- [Brief]: Working through the data below, reproduce word for word the line with "김남선 네이버 최고재무책임자(CFO)가" and every line after it, both ends included, and omit the pictures.

- [Data below]:
################
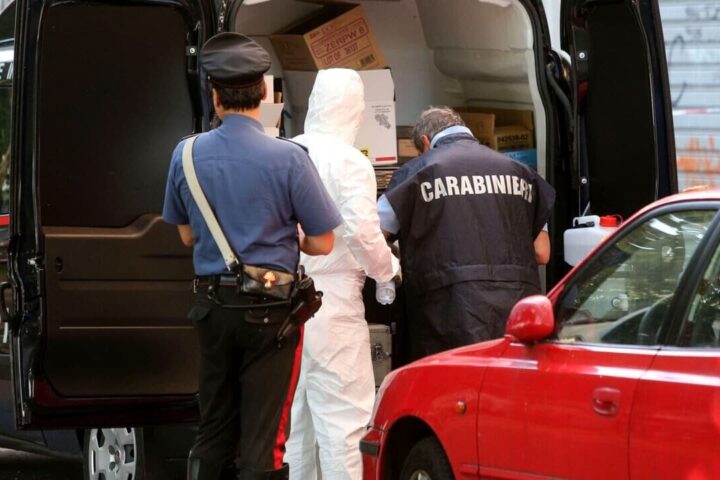 Francesco Campagna uccide la moglie Mary Bonanno e si suicida- lei trovata sulle scale, lui impiccato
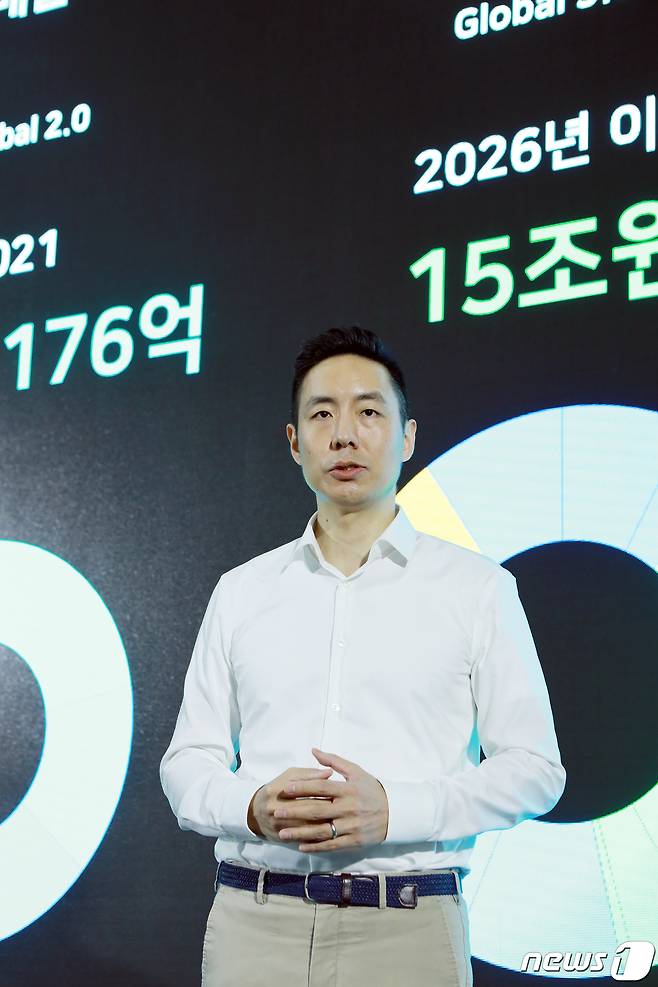 김남선 네이버 최고재무책임자(CFO)가 13일 오전 경기도 성남시 분당 네이버 제2사옥 '1784'에서 열린 '네이버 밋업'(NAVER Meetup) 행사에서 발표를 하고 있다. (네이버 제공) 2022.4.13/뉴스1 ⓒ News1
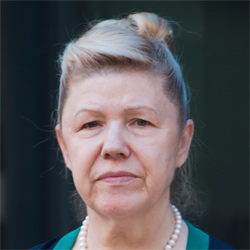 Елена Мизулина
################
- [Response to the task]:
 김남선 네이버 최고재무책임자(CFO)가 13일 오전 경기도 성남시 분당 네이버 제2사옥 '1784'에서 열린 '네이버 밋업'(NAVER Meetup) 행사에서 발표를 하고 있다. (네이버 제공) 2022.4.13/뉴스1 ⓒ News1
 Елена Мизулина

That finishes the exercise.